V.S. : Elle fait autour de 4 millions d’euros de chiffre d’affaires et est profitable. Les entreprises continuent de s’adresser à Usbek & Rica pour des formats qui fonctionnent très bien comme le Tribunal des générations futures, mais viennent de plus en plus la chercher sur du conseil, un domaine dans lequel elle a prouvé son sérieux.

IN : Avec quelles demandes ?

J.R. : Les marques cherchent à savoir jusqu’où s’engager et où mettre le curseur entre le fait d’être des entreprises militantes ou strictement économiques. C’est un travail assez fin que nous réalisons avec elles. De 2017 à 2019, nous avons accompagné beaucoup d’entreprises dans la définition de leur raison d’être, qu’elles ont ensuite déployé en communication. Depuis quelques temps, elles se réinterrogent sur leur raison d’être. Notre partie conseil va sans doute se renforcer car elles vont nous solliciter sur de la réflexion pure avant de reprendre la parole dans les prochaines années.

Usbek & Rica est profitable. L’événementiel est une vraie ligne de business

IN : Dans cette dimension de prospective et d’une France qui vieillit, quelle est la place du Club des bons ancêtres ?

J.R. : Il y a deux ans, nous avions fait une couverture sur le thème « comment être de bons ancêtres » en réinterrogeant la notion de progrès pour qu’il ne soit pas une fuite en avant déraisonnable mais permette de laisser une trace positive auprès des générations futures. Un an plus tard, nous avons développé ce Club des bons ancêtres qui se réunit dans des entreprises (La MAIF, Thales, La Croix Rouge…) pour réfléchir à la manière dont elles peuvent, dans leur organisation et leur activité, se comporter comme de « bons ancêtres ». Nous leur fournissons des kits d’action pour qu’elles puissent déployer une « pensée cathédrale » qui embarque au moins cinq générations dans leurs organisations.

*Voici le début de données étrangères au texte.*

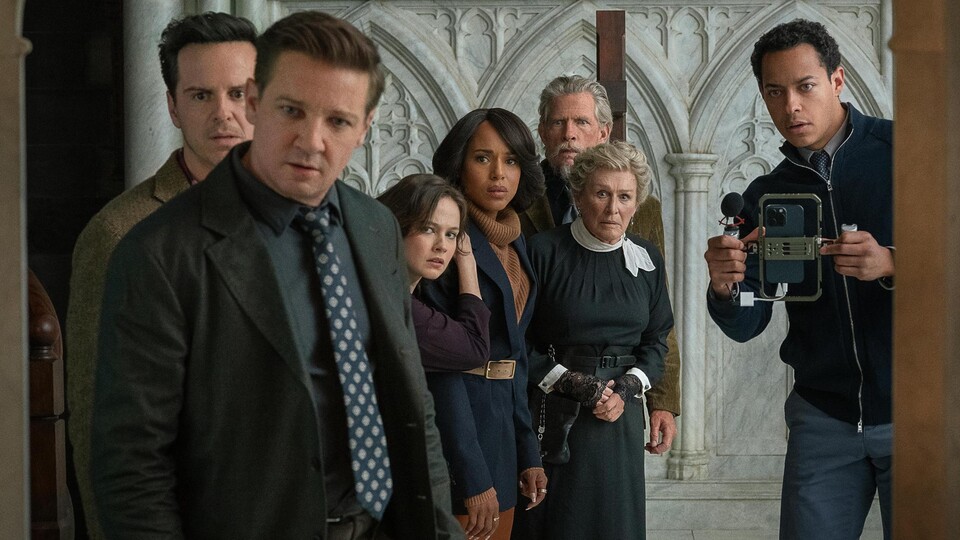 Das sind die Verdächtigen. Na, habt ihr schon ein Bauchgefühl, wer es gewesen sein könnte und warum? Bildquelle: Netflix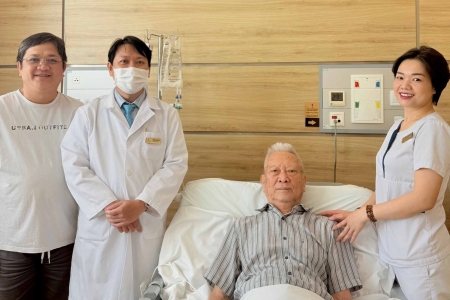 Phẫu thuật nội soi thành công cho cụ bà 86 tuổi: Bước tiến mới trong điều trị ung thư tại miền Trung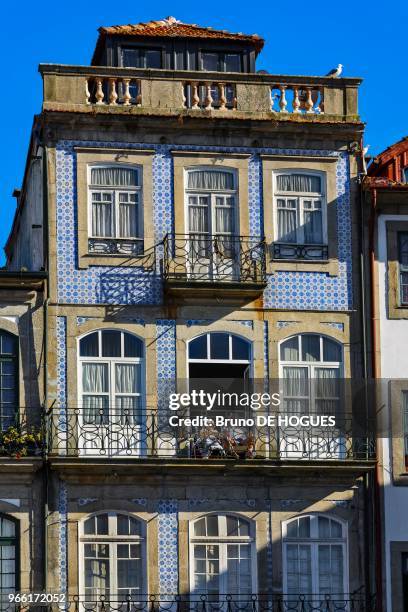 Un couple âgé assis sur leur balcon, quartier de Gaia, 30 juillet 2017, Porto, Portugal.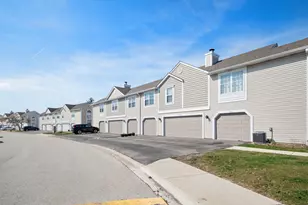 371 Le Parc Cir, Buffalo Grove, IL 60089 - Photo 29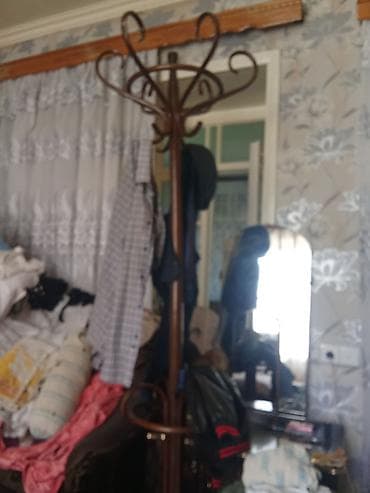 Ağac rəngli, sərt materialdan (taxta və ya metallik karkas) fransız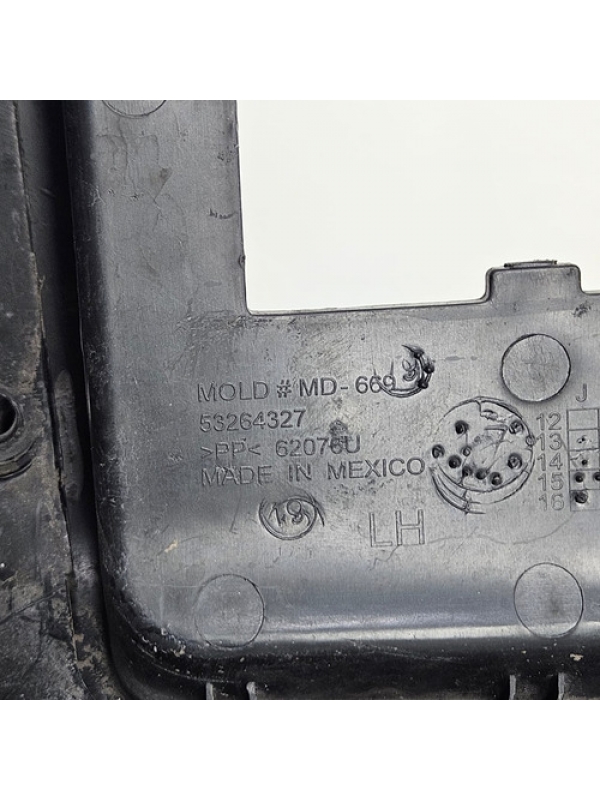 Ponteira Traseira Esquerda Peugeot Boxer 2018 À 2024 Detalhe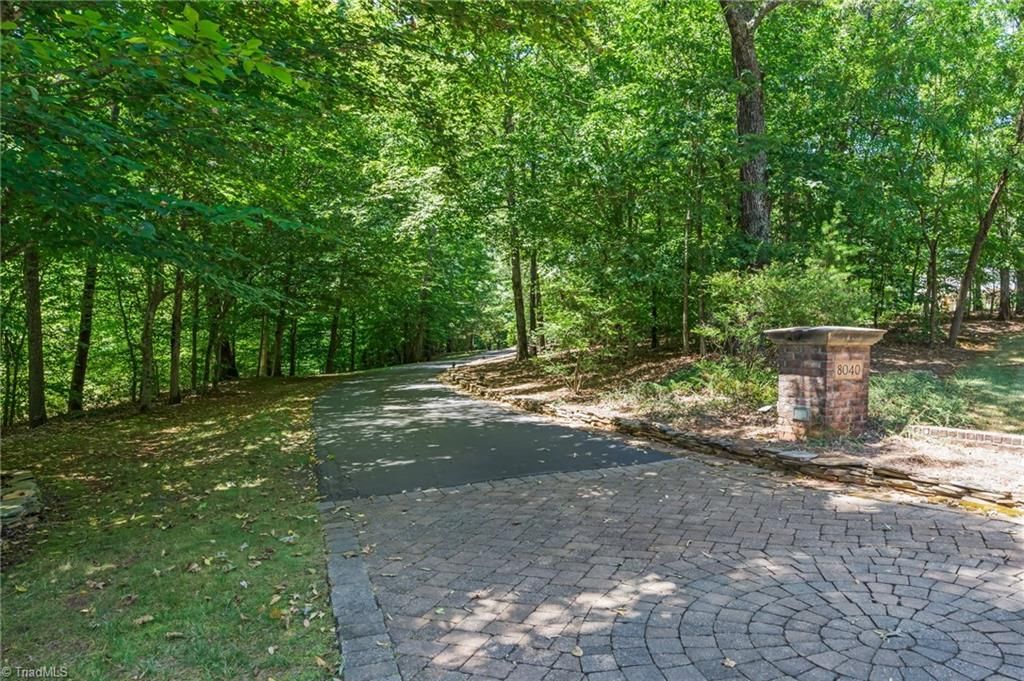 Photo of 8040 Crosscreek Trail, Pfafftown, NC 27040 (MLS # 1185121)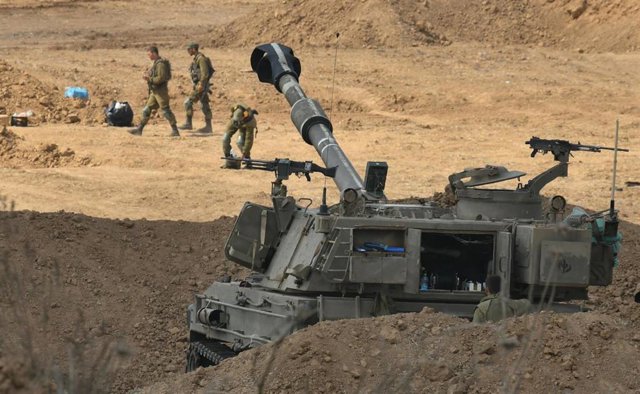 Equipos militares israelíes junto a la frontera de la Franja de Gaza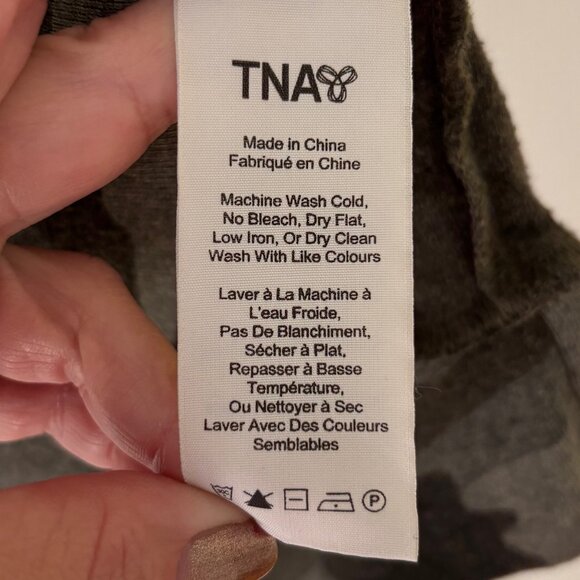 TNA long sleeve camo sweatshirt - Picture 6 of 6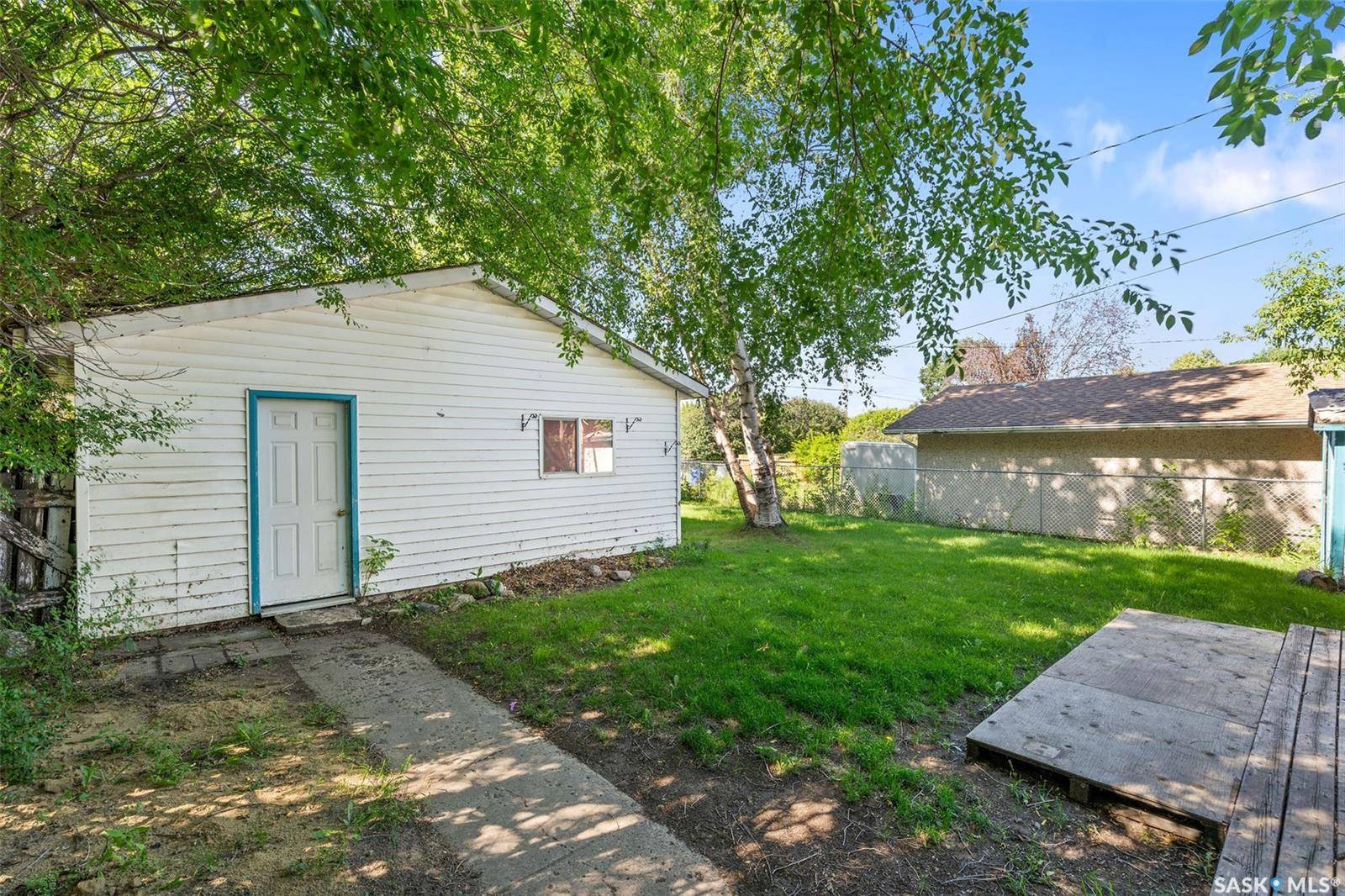 Prince Albert, SK S6V 1Z5,447 30th STREET E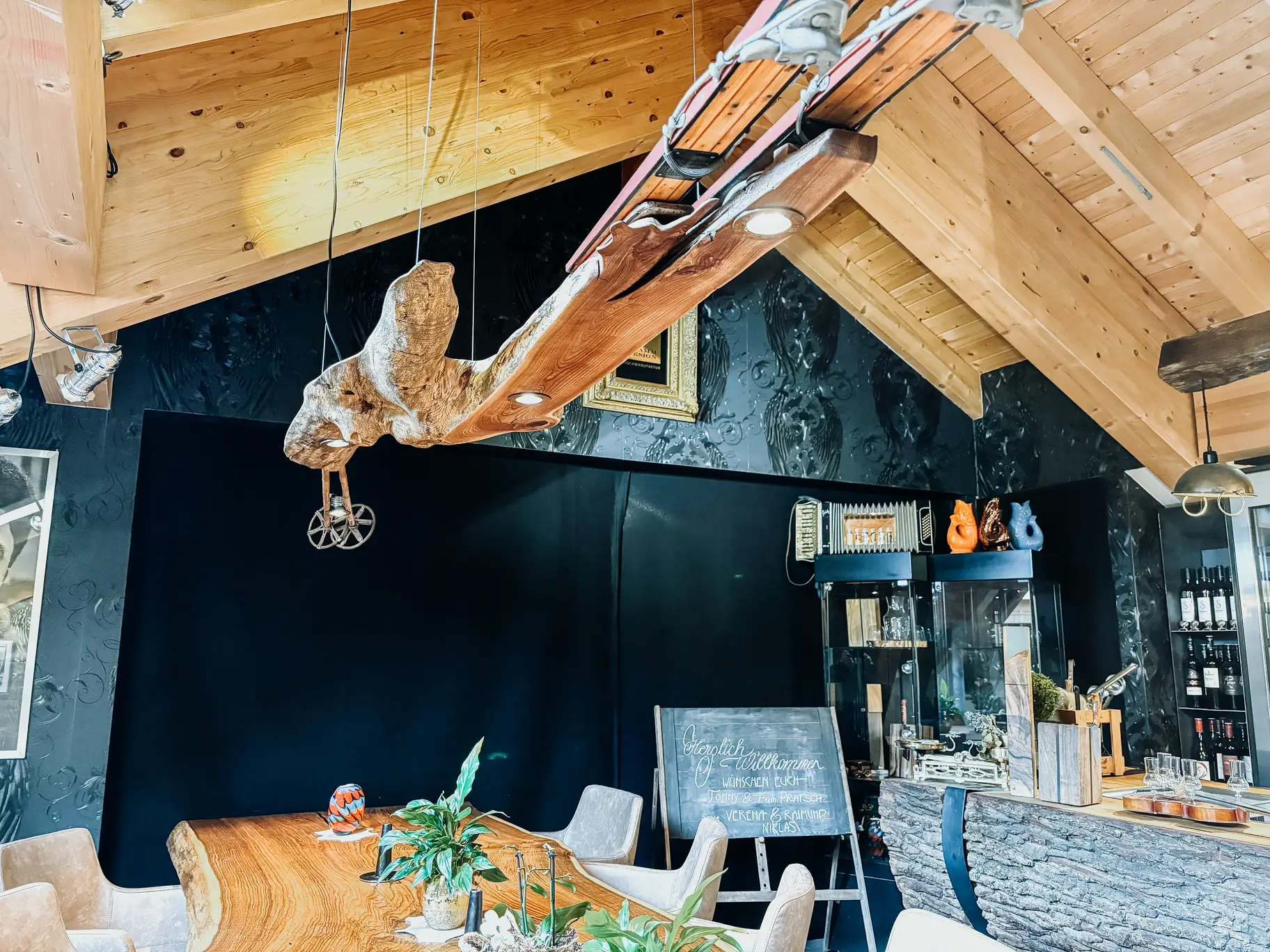 Kreative Hängelampe mit Deckenmontage aus Holz von Stammdesign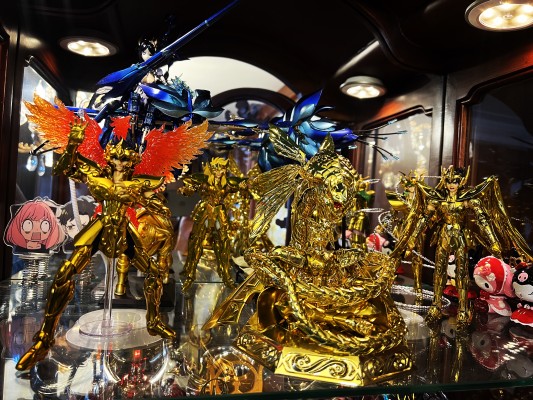 圣斗士圣衣神话EX 狮子座一辉-黄金圣衣的继承者-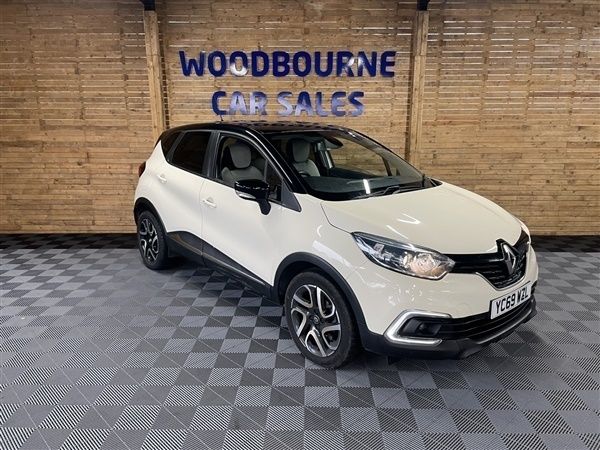 Cream/black Used 2019 Renault Captur Iconic SUV | £10,995 (Fair price) - Image 1/1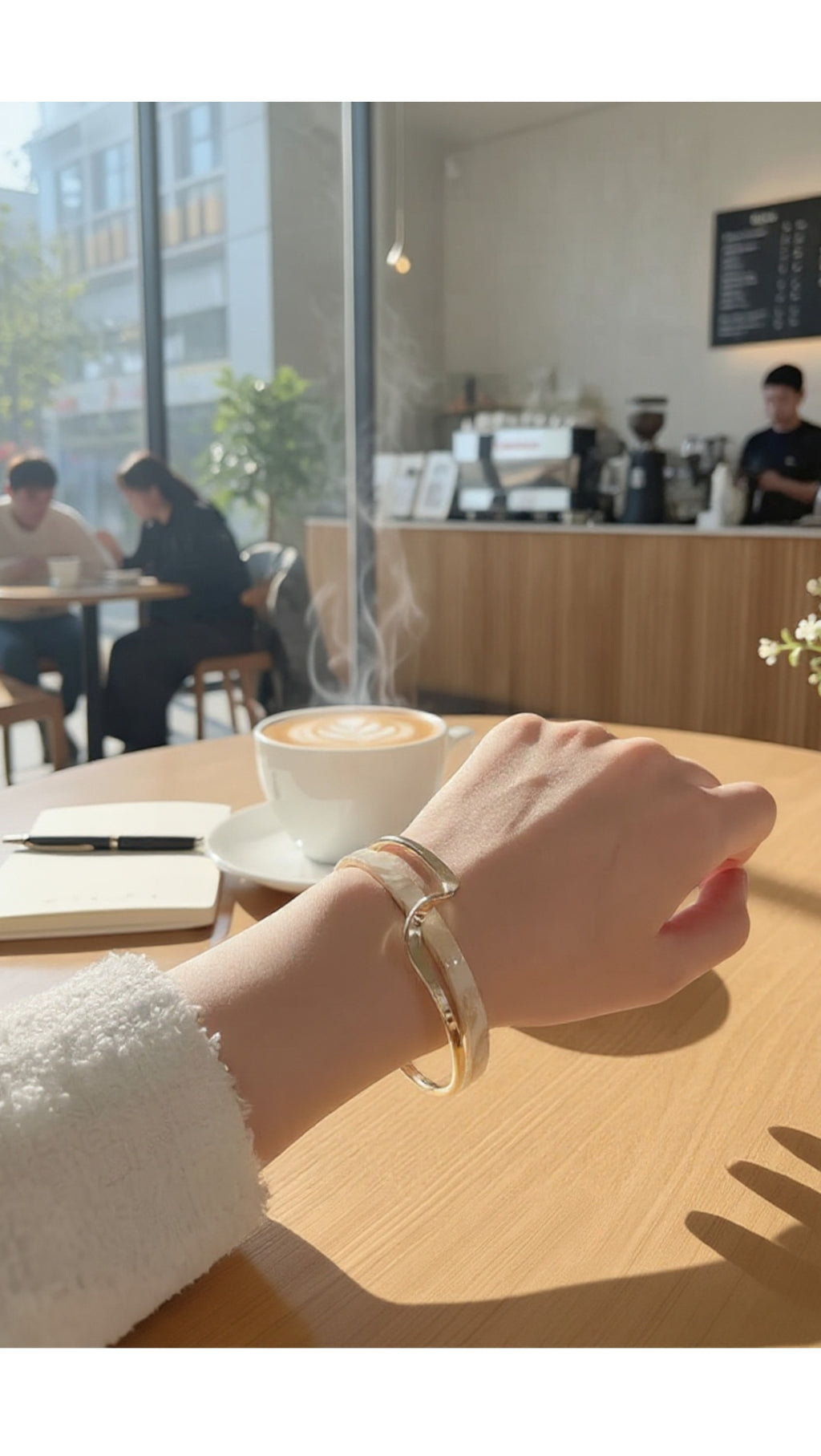 Sedef Detaylı Dalgalı Gold Kadın Kelepçe Bileklik – Ayarlanabilir, Şık Tasarım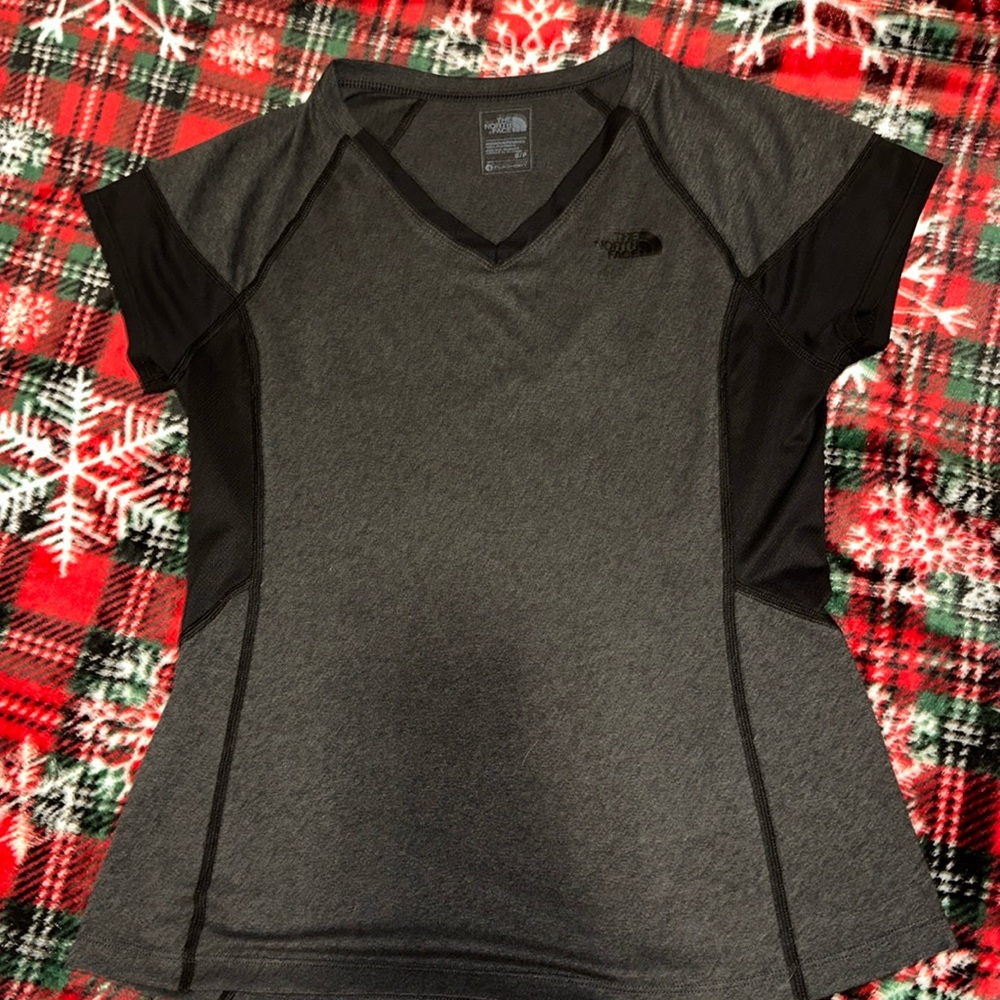 Small North Face Active T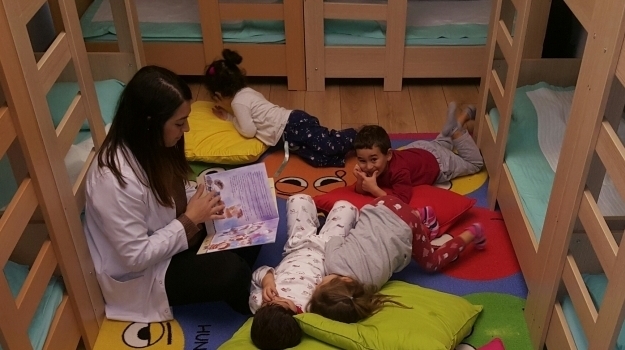 Beykent Okyanus Koleji Okul Öncesi Çiçekler Grubu Öğrencileri Pijama Partisinde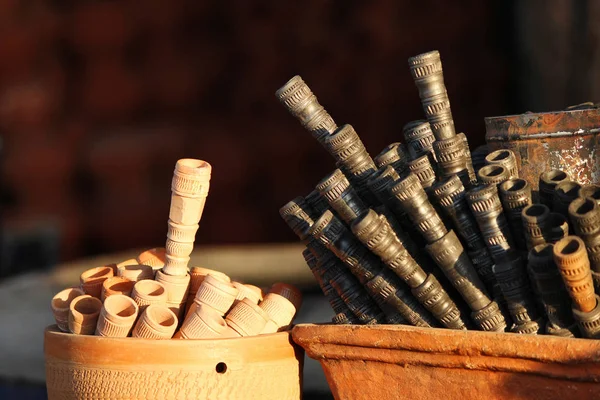 Chillum- oder Tabakpfeifen zum Verkauf auf der Straße, in Pune, Maharashtra — Stockfoto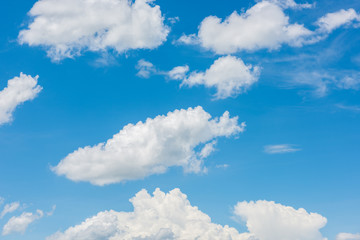 Fototapeta premium Beautiful cirrus clouds against the blue sky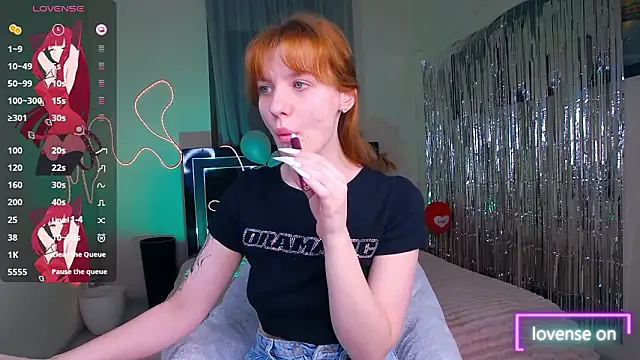 MeganNewCat online show from March 30, 2026, 8:43 pm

IN : Quels pourraient être les prochaines extensions de la marque avec les autres entités du groupe CMI ?

V. S. : Il y a des choses à développer ensemble en événementiel sur certaines de nos marques, notamment ELLE qui s’est déjà beaucoup diversifiée. Au-delà de ce qui est déjà lancé sur le guide et la prospective et de ce qui pourrait être fait en événementiel, nous réfléchissons à des thèmes qui pourraient être développés à travers des hors-séries, qui sont toujours de bons formats pour tester l’appétence du public.

IN : Et côté Usbek & Rica ?

J.R. J’ai un rêve secret et intime en BD avec une grande saga autour des personnages d’Usbek et Rica. Pour les 300 ans des Lettres persanes de Montesquieu, nous avions lancé Les Nouvelles Lettres Persanes. Nous sommes en train de préparer avec Robert Laffont (Groupe Editis) une suite qui arrivera en avril 2025.